The Review goes on to say that to achieve ‘a fair market that is accessible for all’ all housing tenures should be given consistent attention.

‘Far more could and should be done to provide a healthy and stable renting environment, providing a better opportunity for young people to save and a better set of conditions for longer term renters.’

Peter Williams, executive director of the Independent Mortgage Lenders Association (IMLA), welcomed the calls for policymakers to promote a healthy and stable rental market, saying:

“The private rented sector plays a hugely important role in providing affordable and secure accommodation to millions of people, and it is important that policymakers avoid damaging it in order to encourage specific tenure types. By discouraging buy to let investment and raising landlords’ costs, the government risks increasing tenants’ rents which would make it more difficult for them to raise deposits.”
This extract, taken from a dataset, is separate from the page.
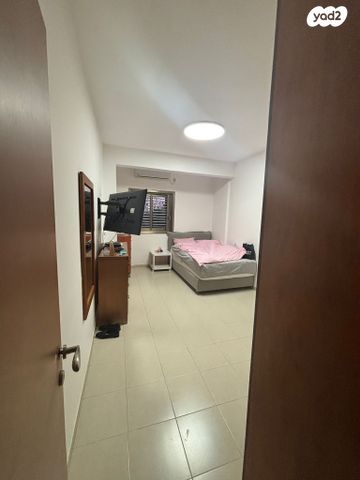 דירה, שדרות בר אילן 2, לב העיר, בת ים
John Eastgate, sales and marketing director of OneSavings Bank, shared these concerns, saying that next April’s tax changes aimed at buy to let landlords may well make it harder for aspiring home owners to save, as landlords raise rents to cover further costs.

“It will be young aspiring home owners, already facing a constrained ability to save through rising inflation and low interest rates, that will shoulder these costs. It’s also right that we look at the impact of regulation in this. Mortgages are more affordable than ever yet tighter affordability tests based on interest rates that are unlikely to be seen in a generation have made access to finance more challenging and first time buyer levels remain below their pre-crisis peak,”

he said.

Meanwhile, Charles Haresnape, group managing director at Aldermore, said the Review underestimates the effect of not building enough houses to meet demand.

“Where the Redfern Review pinpoints the start of the house price boom in 1996, it is notable that in the six years leading up to the boom, annual house building numbers fell almost 25 per cent, down from 242,360 a year in 1989.

“To diminish the role that decades of housing undersupply has had on prices and a market where our own research has found that almost a quarter of respondents were not planning to ever own a house is to bypass the major issue most see in the industry.”